- First tankōbon volume cover

魔女っ娘つくねちゃん
- Genre: Comedy
- Written by: Hiroaki Magari
- Published by: Kodansha
- Magazine: Young Magazine Uppers
- Original run: April 2003 – October 2004
- Volumes: 2

Majokko Tsukune-chan+
- Written by: Hiroaki Magari
- Published by: Kodansha
- Magazine: Monthly Shōnen Sirius
- Original run: June 2005 – March 2006
- Volumes: 1
- Directed by: Hiroaki Sakurai
- Studio: Xebec
- Released: August 24, 2005 – January 25, 2006
- Runtime: 13 minutes
- Episodes: 6

= Majokko Tsukune-chan =

Japanese manga series

Majokko Tsukune-chan (魔女っ娘つくねちゃん) is a Japanese manga series written and illustrated by Hiroaki Magari. It was serialized in Kodansha's magazines Young Magazine Uppers from 2003 to 2004 and Monthly Shōnen Sirius (as Majokko Tsukune-chan+) from 2005 to 2006. It follows Tsukune, a skillful and powerful witch who rescues others from danger. It was adapted into a six-episode original video animation (OVA) series of 13 minutes each, animated by Xebec, released from August 2005 to January 2006.

==Premise==
Majokko Tsukune-chan follows the cheerful and powerful young witch Tsukune (つくね), who goes around helping people and fighting against evil-doers; however, despite her good intentions, Tsukune ends up causing more problems than she solves.

==Media==
===Manga===
Written and illustrated by Hiroaki Magari, Majokko Tsukune-chan was serialized in Kodansha's seinen manga magazine Young Magazine Uppers from April 2003 to October 2004, when the magazine ceased its publication.

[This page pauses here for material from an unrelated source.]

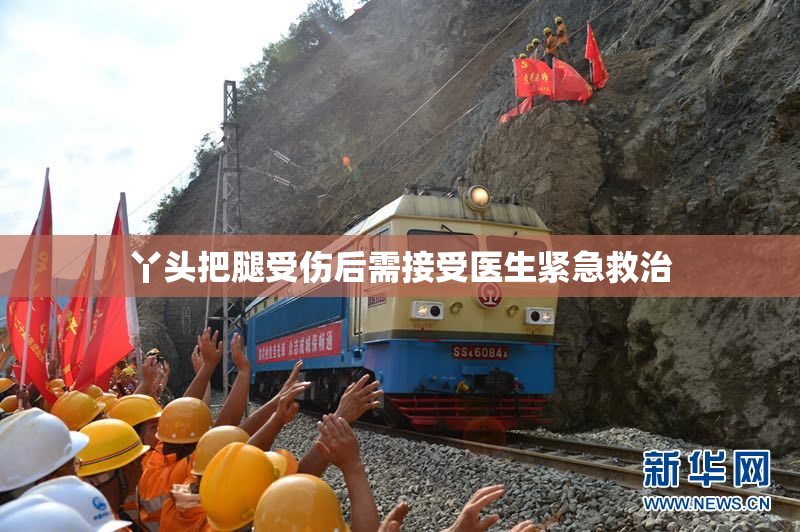 丫头把腿受伤后需接受医生紧急救治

Kodansha collected its chapters in two tankōbon volumes, released on February 9 and December 9, 2004.

It was followed by a second series, Majokko Tsukune-chan+, which ran in Kodansha's shōnen manga magazine Monthly Shōnen Sirius from June 2005 to March 2006, Kodansha released a collected volume on March 23, 2006. Other stories were also published in Monthly Shōnen Sirius and its website from July 2006 to October 2008, a collected volume was released on December 22, 2008.

===Original video animation===
A six episode original video animation (OVA) series of 13 minute each, animated by Xebec, was released from August 24, 2005, to January 25, 2006. The opening theme is "Tsukune-chan no Flying Machine" (つくねちゃんのFlying Machine) and the ending theme is "Luminary", both performed by Tsukune's voice actress Haruko Momoi.